Ma perché Sutherland ci mette tanto a rispondere alle domande? Jennifer si chiede se non prenda tempo, preparandosi le risposte per non dire troppo.
-Forse. - dice infine. - Ma è molto confuso e non credo che a lei direbbe nulla. Per adesso, se non le dispiace, preferirei non aggiungere altro. Ma lei deve permettermi di parlare alla sua giovane amica.
-Professore…
-Mi creda, è importante. Potremmo vederci dove vorrà lei e quando vorrà, purché avvenga al più presto.
-Mi dica quel nome, professore.
-Gliel'ho detto, non sono neanche sicuro…
-Professore, - l'interrompe Jennifer, con un tono ora gelidamente professionale, - la farò parlare con lei domani stesso, ma mi dica quel nome.
Una nuova lunga pausa conclusa con un sospiro di resa.
-Lei ha mai sentito il nome "Xena"? - chiede Sutherland.
-Xena? - Jennifer pronuncia il nome detto dal professore lentamente. - Non mi pare. Chi e`?
-Chi era. Xena di Anphipoli era una guerriera e una conquistatrice, vissuta pare circa duemila anni fa.. Di lei si sa poco, e quel poco abbiamo dovuto ricavarlo da alcuni manoscritti su pergamena rinvenuti anni fa in una tomba dimenticata tra le dune del deserto, in Egitto.
Jennifer ha ascoltato con attenzione le parole del professore, ma l'unica che continua a rimbombarle nelle orecchie è "guerriera".
-Una guerriera? - ripete soprappensiero.
-Infatti. - risponde Sutherland. - Adesso però mi scusi.

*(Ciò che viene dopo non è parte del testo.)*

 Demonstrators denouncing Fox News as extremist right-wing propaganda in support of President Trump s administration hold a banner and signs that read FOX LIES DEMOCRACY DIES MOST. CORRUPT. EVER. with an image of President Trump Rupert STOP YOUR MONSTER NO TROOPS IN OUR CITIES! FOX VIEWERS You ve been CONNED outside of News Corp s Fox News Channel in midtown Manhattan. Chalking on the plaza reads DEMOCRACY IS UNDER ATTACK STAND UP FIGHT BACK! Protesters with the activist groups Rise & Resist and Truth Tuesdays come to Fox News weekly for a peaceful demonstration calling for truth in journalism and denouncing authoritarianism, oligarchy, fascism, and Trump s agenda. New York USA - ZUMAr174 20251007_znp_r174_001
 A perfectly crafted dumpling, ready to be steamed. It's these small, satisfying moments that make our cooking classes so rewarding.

Comincia ad essere tardi. Mi dica quando ci possiamo vedere.
-Eh? Ah, sì. Che ne dice di domattina verso le undici?
-Benissimo. Dove? - fa il professore, poi aggiunge: - Ascolti, domani non ho lezioni. Potreste venire a casa mia. Vorrei poter parlare con la ragazza tranquillamente.
Jennifer resta per un attimo titubante. Non vorrebbe esporre Joyce a dei rischi, ma poi decide.
-D'accordo, professore. Mi dia il suo indirizzo.
-Jefferson Street, al 124. 'E' il mio appartamentino di città. Allora vi aspetto.
Spento il cellulare, Jennifer si abbatte contro lo schienale del divano. Si sente la schiena indolenzita dalla rigidità della posizione che ha mantenuto fino ad allora senza rendersene conto.
-Una guerriera di duemila anni fa. - mormora. Non sapeva bene nemmeno lei quali erano i suoi scopi quando aveva deciso di registrare le parole di Joyce e portare il nastro a Sutherland. Forse inconsciamente, aveva intuito qualcosa, ma questo…
-Xena. - ripete, come cercando di impadronirsi del suono di quel nome, così lontano, così inquietante, ma con uno strano indecifrabile fascino.
Torna da me, ti prego, Xena. Torna da me.
Ora, ripensandoci, le sembra quasi di riuscire ad afferrare quelle strane parole che le erano parse incomprensibili. E quel pianto straziante…
Torna da me.
Ma i suoi pensieri sono interrotti bruscamente.
Rumore di vetri infranti e un urlo.
Jennifer scatta in piedi. D'un tratto quel lieve stato di sogno in cui si era trovata, va in pezzi e lei torna pienamente in sé.
-Joyce. - mormora, e poi grida. - JOYCE!! - e come una furia si lancia sù per le scale.